**PROVIDED RECORDS**
☆ ☆ ☆ ☆ ☆

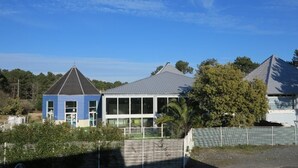 Een modern gebouw met een schuin dak, grote ramen en een omheind gebied ervoor.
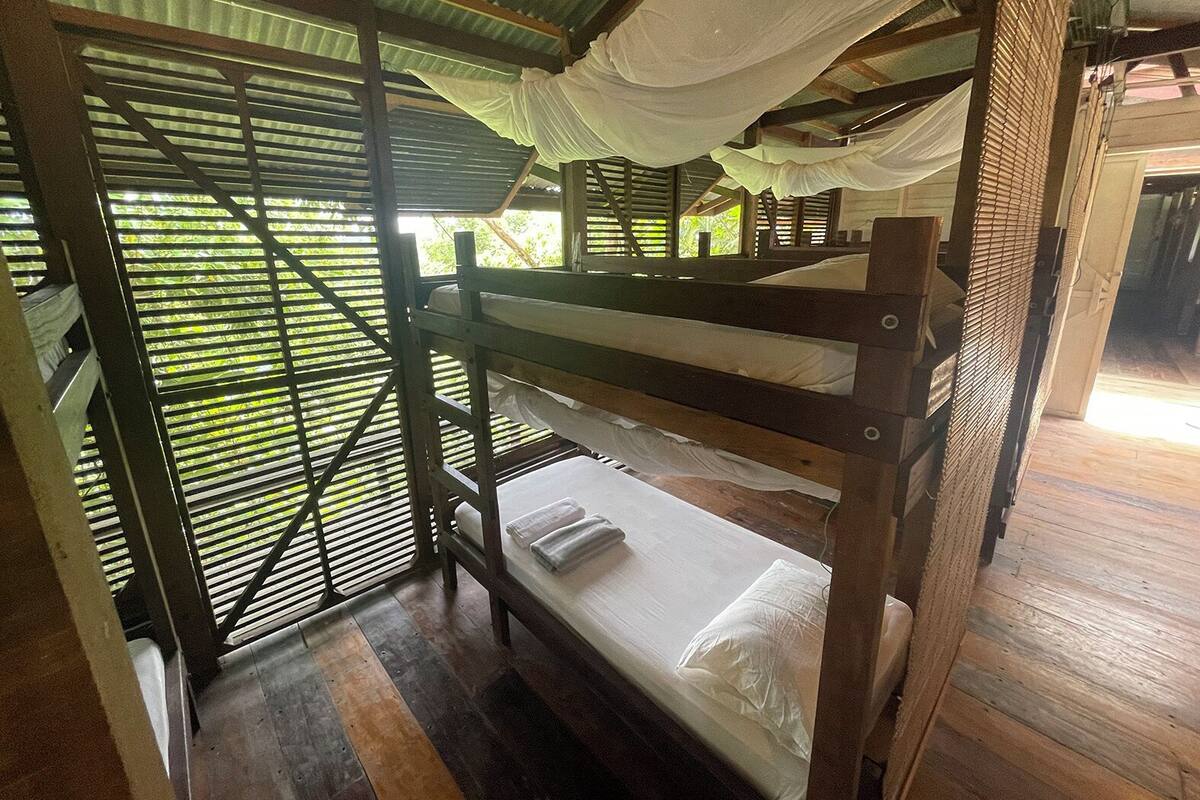 A bunk bed room with a metal frame and a canopy.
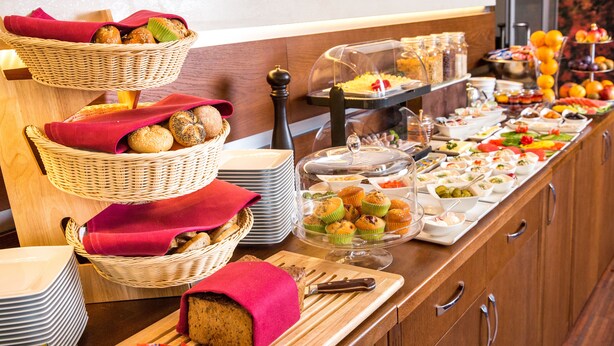 A buffet with various food items, including breads, muffins, and fruits.
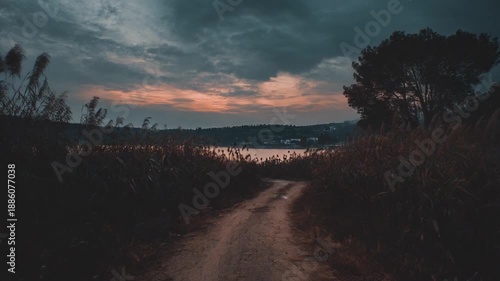 A dirt road leads through tall grass towards a tranquil lake and a dusky sky at twilight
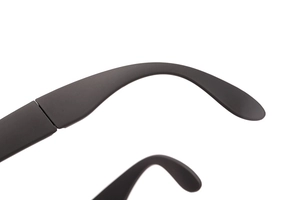 Close-up of matte black folding sunglasses arm with detailed temple curve on white background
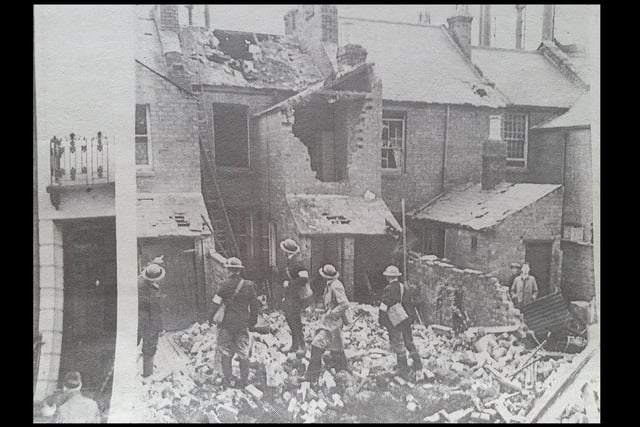 ARP wardens inspecting the damage at Ranelagh Terrace, Leamington, August 1940.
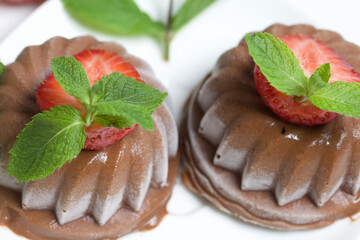Chocolate fudge garnished with half a strawberry with petals. Garnished with sprigs of mint and...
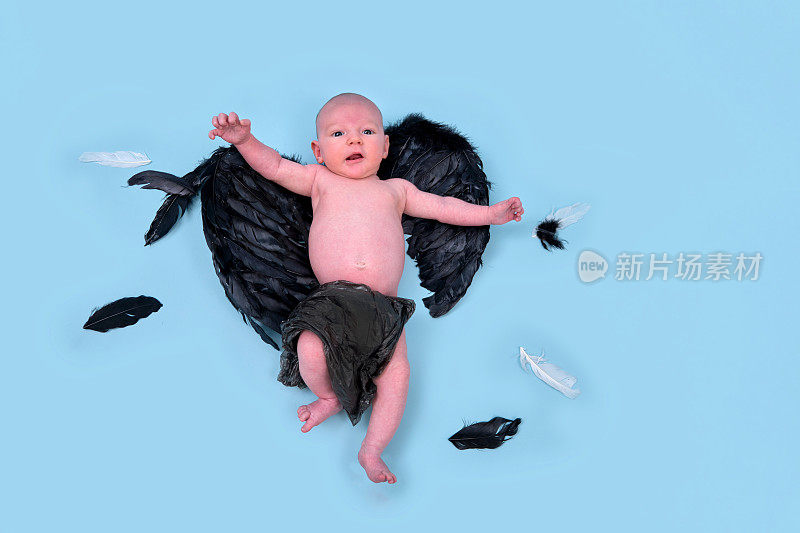 一个长着黑色邪恶翅膀的新生男婴在一个蓝色的工作室背景上，复印空间。一个穿着尿布的白人婴儿一个月大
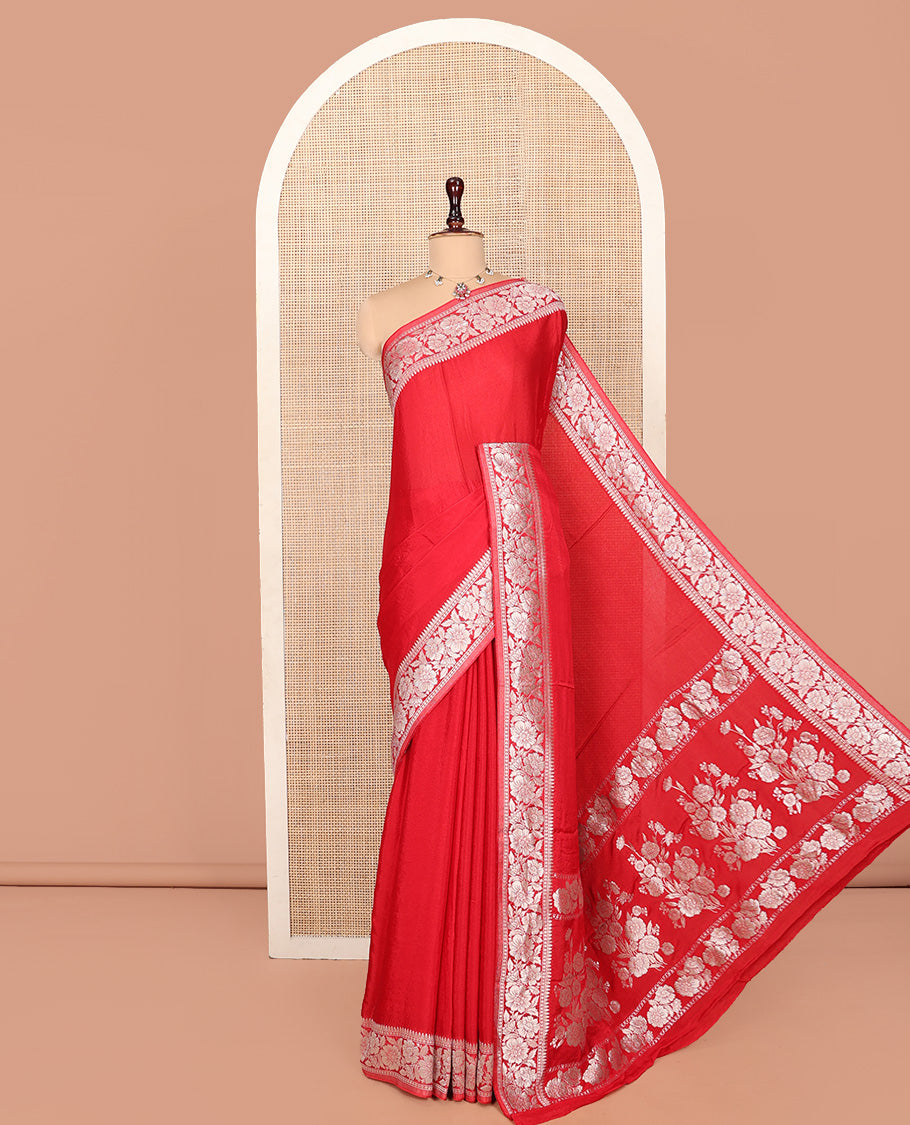 Red Plain Fancy Crepe Saree, Highlighted by a Floral Border, Pallu of Floral Designs, and a Matching Blouse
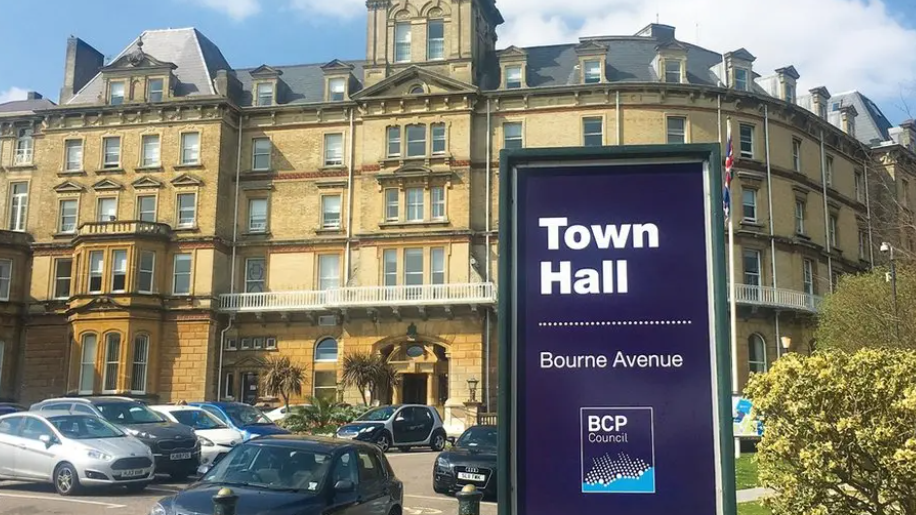 Picture shows a large BCP Council sign outside their Bournemouth town hall. Cars can be seen parked outside the council hq.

☆ ☆ ☆ ☆ ☆

**AIM OF THE TASK**
From the line containing "Close-up of matte" through the last line of the records above, reproduce every line exactly, leaving out the pictures.

**RESULT BELOW**
 Close-up of matte black folding sunglasses arm with detailed temple curve on white background
 ARP wardens inspecting the damage at Ranelagh Terrace, Leamington, August 1940.
Chocolate fudge garnished with half a strawberry with petals. Garnished with sprigs of mint and...
 一个长着黑色邪恶翅膀的新生男婴在一个蓝色的工作室背景上，复印空间。一个穿着尿布的白人婴儿一个月大
 Red Plain Fancy Crepe Saree, Highlighted by a Floral Border, Pallu of Floral Designs, and a Matching Blouse
 Picture shows a large BCP Council sign outside their Bournemouth town hall. Cars can be seen parked outside the council hq.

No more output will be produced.